▶ Assignment:
Report only the number of lines below in which the string "Brazilian" appears.

▶ Input:
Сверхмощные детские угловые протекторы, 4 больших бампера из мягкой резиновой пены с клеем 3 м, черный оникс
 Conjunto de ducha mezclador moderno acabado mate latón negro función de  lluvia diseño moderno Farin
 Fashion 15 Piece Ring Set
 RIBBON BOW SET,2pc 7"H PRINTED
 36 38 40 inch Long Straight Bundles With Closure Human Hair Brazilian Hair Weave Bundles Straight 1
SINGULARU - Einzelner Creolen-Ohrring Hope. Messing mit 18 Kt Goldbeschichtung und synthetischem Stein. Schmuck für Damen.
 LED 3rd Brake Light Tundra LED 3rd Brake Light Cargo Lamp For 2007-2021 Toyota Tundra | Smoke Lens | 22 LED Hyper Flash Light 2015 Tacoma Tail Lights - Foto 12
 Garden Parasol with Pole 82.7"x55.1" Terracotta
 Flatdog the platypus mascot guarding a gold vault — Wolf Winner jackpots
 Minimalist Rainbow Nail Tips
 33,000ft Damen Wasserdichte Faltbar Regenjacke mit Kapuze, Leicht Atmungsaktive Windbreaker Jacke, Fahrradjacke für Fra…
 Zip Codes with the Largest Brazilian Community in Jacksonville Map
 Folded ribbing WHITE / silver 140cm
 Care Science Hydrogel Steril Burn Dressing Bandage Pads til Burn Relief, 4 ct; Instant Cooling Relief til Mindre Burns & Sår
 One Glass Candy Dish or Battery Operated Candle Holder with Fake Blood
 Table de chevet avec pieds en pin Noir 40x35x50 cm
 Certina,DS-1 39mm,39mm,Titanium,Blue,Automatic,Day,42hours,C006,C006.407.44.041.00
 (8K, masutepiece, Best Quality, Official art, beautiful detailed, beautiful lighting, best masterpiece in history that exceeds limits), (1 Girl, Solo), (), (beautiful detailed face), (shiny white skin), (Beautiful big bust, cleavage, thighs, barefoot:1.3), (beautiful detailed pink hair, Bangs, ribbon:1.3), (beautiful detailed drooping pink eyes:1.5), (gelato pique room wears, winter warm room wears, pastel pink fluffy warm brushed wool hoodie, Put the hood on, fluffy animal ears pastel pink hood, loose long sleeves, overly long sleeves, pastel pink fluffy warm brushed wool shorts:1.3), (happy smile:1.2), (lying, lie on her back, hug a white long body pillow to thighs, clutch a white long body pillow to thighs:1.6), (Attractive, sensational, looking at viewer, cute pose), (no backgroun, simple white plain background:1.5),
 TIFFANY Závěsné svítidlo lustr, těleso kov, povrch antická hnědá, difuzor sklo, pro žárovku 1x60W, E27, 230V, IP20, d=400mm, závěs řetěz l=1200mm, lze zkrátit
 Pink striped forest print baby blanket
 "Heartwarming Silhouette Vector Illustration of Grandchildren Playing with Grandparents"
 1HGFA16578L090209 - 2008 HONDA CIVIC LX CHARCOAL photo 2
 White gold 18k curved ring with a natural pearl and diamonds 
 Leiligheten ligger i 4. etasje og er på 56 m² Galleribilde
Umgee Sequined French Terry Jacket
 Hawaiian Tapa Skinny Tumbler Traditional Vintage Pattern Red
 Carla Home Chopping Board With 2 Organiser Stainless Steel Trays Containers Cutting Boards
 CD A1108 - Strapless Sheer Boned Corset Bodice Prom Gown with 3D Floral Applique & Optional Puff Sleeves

▶ Your response:
2